Vennero dopo una sequenza di movimenti più lenti, insieme, Gerard fu attento a schizzare sulle coperte uscendo da lui appena in tempo. Appena vide il proprio sperma sulle lenzuola, si sentì completamente depredato da ogni forza, e non poté fare a meno di crollare accanto a Frank per qualche secondo.
Esausto, cercò di calmare il proprio respiro, allungò una mano verso la schiena lucida di sudore del minore per una carezza, ma si fermò a metà della sua stessa azione.

Era finita.

L'istinto stava già cominciando a dirgli che era ora di tornare a casa. 
Doveva andarsene, e alla svelta.
Si alzò, il cuore che batteva a mille, scosse la testa per cercare di scrollarsi di dosso la sensazione di leggerezza che l'erba gli stava dando e quelle ombre dai colori caleidoscopici.
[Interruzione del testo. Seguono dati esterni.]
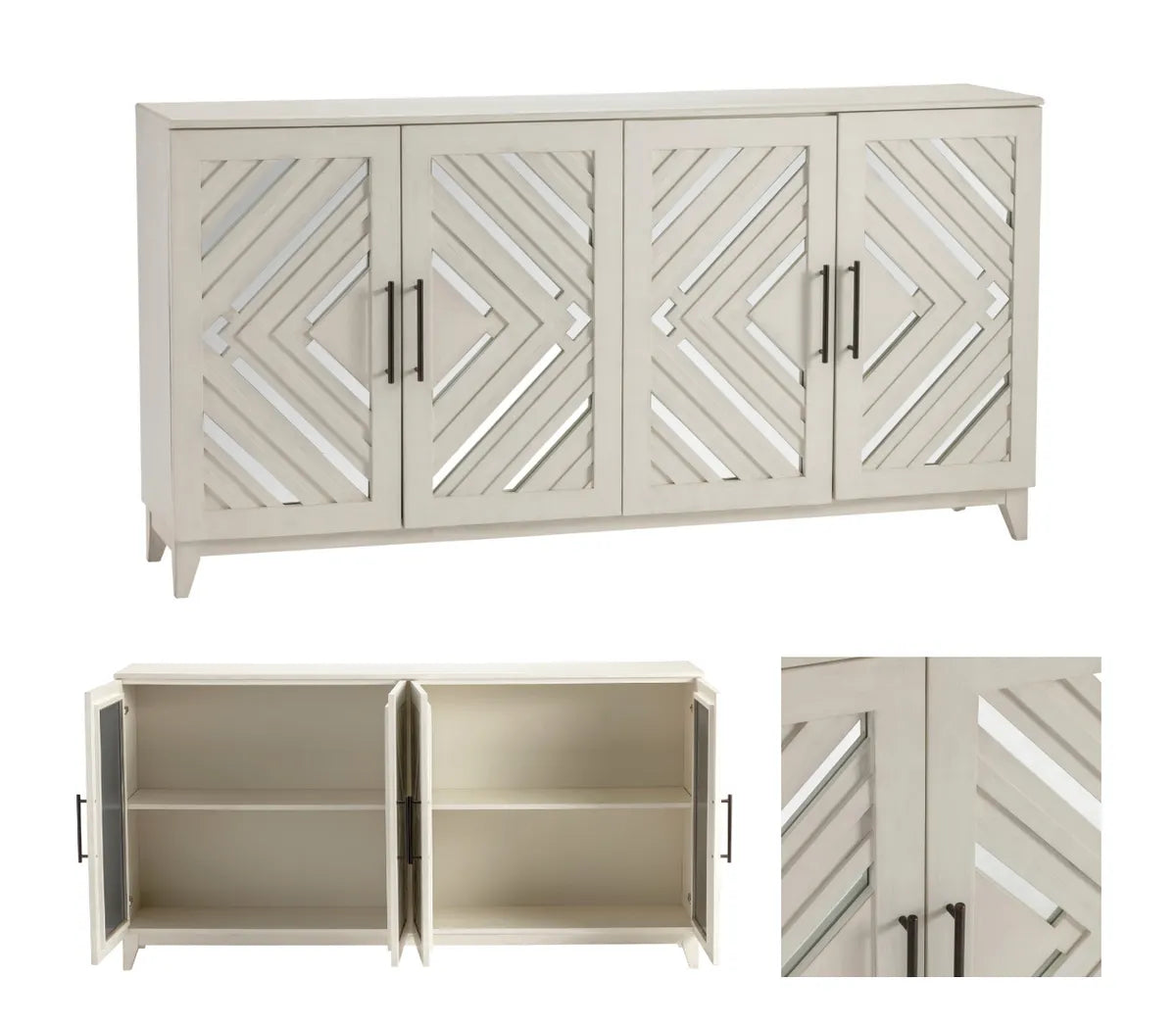 Greenvale Sideboard, Buffet, or Credenza | 72 x 16 x 37 (in)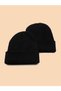 Unisex Basic Beret Σετ Μαύρο&Μαύρο - 2
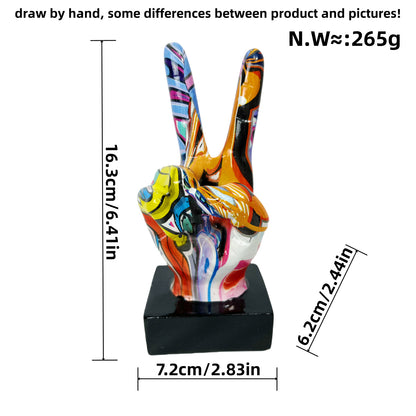 Stylische Hand-Skulpturen mit buntem Design Brehn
Indossò la camicia, prese i pantaloni e la cintura, la giacca. Si accorse di aver tenuto al polso l'orologio tutto il tempo, con suo grande stupore.
Sorrise tra sé e sé.
Dio, quel ragazzino gli aveva fatto perdere se stesso.
Prese il portafogli, tirò fuori cinquecento dollari e li sbatté sulle lenzuola, senza dire niente.
Frank era ancora lì, aveva gli occhi chiusi, un'ombra scura nel rosso della stanza.

- Beh, buonanotte allora, bellezza - mormorò, passandosi una mano tra i capelli.

Dio, aveva davvero bisogno di una doccia.
E di dormire, erano le tre del mattino e per le otto del mattino seguente aveva da fare.

- Notte notte Gerard - rispose quello biascicando e stringendosi sulle lenzuola.

Buffo, sembrava un saluto dato da qualcuno con cui si sarebbe rivisto presto.
Indugiò, sulla punta della lingua aveva una frase che non avrebbe mai potuto pronunciare.
Da fuori si sentì il rombo di un tuono, si morse il labbro e si impose di non guardarlo più, si voltò, fece per andare verso la porta, ma poi tornò sui suoi passi:

- Mi devi una scopata senza canne o altre schifezze, lo sai? - disse dopo un po', riavvicinandosi a lui.

Frank fece spallucce.

- Notte notte Gerard - ripeté. 

Buffo, sembrava un saluto dato da qualcuno con cui si sarebbe rivisto presto.